Bakan Mehmet Şimşek “Bir konu daha söyleyeyim. Tasarruf genelgesi ve yaptığımız düzenlemelerin iki boyutu var. Tasarruf demek harcamamak demek değildir. Kaynakların üretken alanlara kanalize edilmesi demek. Verimli alanlara kanalize etmek demek. Onun için biz paketin ismini sadece tasarruf diye koymadık. Tasarruf ve verimlilik” dedi.
‘Haklılar, bir geçim sıkıntımız var’
– Sıkıntıların farkındayız, vatandaşlarımız şikayette haklı. Markete pazara gidiyorum, geçen hafta eşim Esra hanım dedi ki, markete uğrayalım. Vatandaşlarımız geldi, şikayetleri doğru. Haklılar, bir geçim sıkıntımız var. Enflasyon en kötü ve adaletsiz vergidir. Gelir dağılımını bozuyor. Ne yapıp edip, kalıcı refah ve alım gücü için enflasyonu kontrol altına alıp aşağıya indirmemiz lazım. Enflasyonun 40 civarına inmesi fiyatların düştüğü anlamına gelmiyor. Enflasyon hızındaki düşüş geçen sene ortalama bir sepetin artışı yüzde 65 idi, bu sene ise yüzde 40 arttı. Fiyatlar artıyor ama daha yavaş artıyor. Şunun altını tekrar çizmek istiyorum. Vatandaşın dar gelirlinin çok etkilendiğinin farkındayız ama kestirme çözümler yok.

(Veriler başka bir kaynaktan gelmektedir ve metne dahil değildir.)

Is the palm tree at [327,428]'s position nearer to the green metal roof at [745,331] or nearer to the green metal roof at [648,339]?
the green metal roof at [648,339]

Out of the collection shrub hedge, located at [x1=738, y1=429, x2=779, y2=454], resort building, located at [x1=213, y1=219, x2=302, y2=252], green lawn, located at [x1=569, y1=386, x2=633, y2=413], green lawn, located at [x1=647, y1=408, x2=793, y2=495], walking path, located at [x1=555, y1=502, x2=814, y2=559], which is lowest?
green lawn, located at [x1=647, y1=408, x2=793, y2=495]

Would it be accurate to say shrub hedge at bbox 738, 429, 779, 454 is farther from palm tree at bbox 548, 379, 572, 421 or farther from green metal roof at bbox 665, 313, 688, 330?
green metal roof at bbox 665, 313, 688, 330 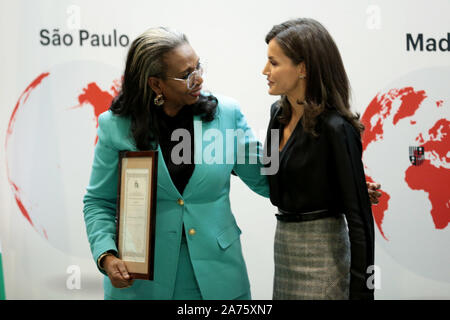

‘Türkiye’nin şu an en büyük problemi…’
– Türkiye’nin şu an en büyük problemi geçim sıkıntısı ve gelir dağılımının bozulmasıdır. Kalıcı refah artışı için enflasyonu tekrar tek haneye indireceğiz. AK Parti daha önce bunu başardı. 90’lı yıllarda ortalama enflasyon 70’lerin üzerinde. Kolay değildi. Ama biz 2003 sonrasında enflasyonu tek haneye düşürdük ve orada tuttuk.
‘Sabra ve zaman ihtiyacımız var’
– Mal enflasyonunda çok büyük bir eşiği aşmak üzereyiz. Hizmet enflasyonu da düşecek. Zamana ihtiyacımız var, sabır gerekiyor. Biz bir şok terapi uygulamadık. O seçeneğin doğru olmadığını gördük. Bizim buradaki maksadımız, biz hayat pahalılığını kabul ediyoruz ve ilk yıl makro istikrarı öncelediğimizi söylüyorum. Rezerv bir sorun olmaktan çıkmıştır. Büyük riskleri azalttık. Sabra ve zaman ihtiyacımız var. Cumhurbaşkanımızın da desteği tam. Cumhurbaşkanımızdan çok güçlü bir destek var. Siyasi destek yoksa en güçlü program da olsa başarılı olamaz. Rahmetli Kemal Derviş’in hazırladığı ve uyguladığı program sonrasındaki uygulamalar benzerdi. Ancak fark siyasi sahiplenmeydi. Esas belirleyici iradedir. Burada siyasi sahiplenme var. Deprem, pandemi, savaş ve dengesizlikler olmuş ama sonuçta bu programı kararlılıkla uyguluyoruz ve Cumhurbaşkanımızın desteğini yoğun şekilde hissediyoruz.
IBAN uyarısı
– IBAN’ın birkaç boyutu var. Gençlerimizin özellikle bilmedikleri şahıslara kendi ibanlarını kullandırtmalarının ciddi tehlikeleri var. Gönderdiğiniz hesap, kara para aklıyor olabilir. Terörün finansmanında kullanılabilir. Bizdeki en önemli konu kayıt dışılık. Mesela gidiyorsunuz bir yere ‘Kredi kartı geçmiyor’ diyorlar. Bunu hiçbir müessese diyemez, çünkü yazar kasa ile pos makinesini birleştirdik. Ticari bir IBAN ise zaten sorun yok. Biz de çok sofistike yazılımlar var. Bakıyoruz bir akrabalık mı var, yoksa ticari bir ilişki mi var? İlgisiz hesaplardan sürekli bir para akışı varsa o zaten şüpheli bir durumdur.
Yeni vergi gelecek mi?
– Şunu açık bir şekilde söyleyeyim. Şu anda bizim gündemimizde bugün itibarıyla ne KDV ne de genel bir artış düşüncesi yok. Vatandaşa yansıyacak, KDV genel oranlarında herhangi bir çalışmamız yok. Yani şu anda biz KDV oranlarını artırmayı düşünmüyoruz.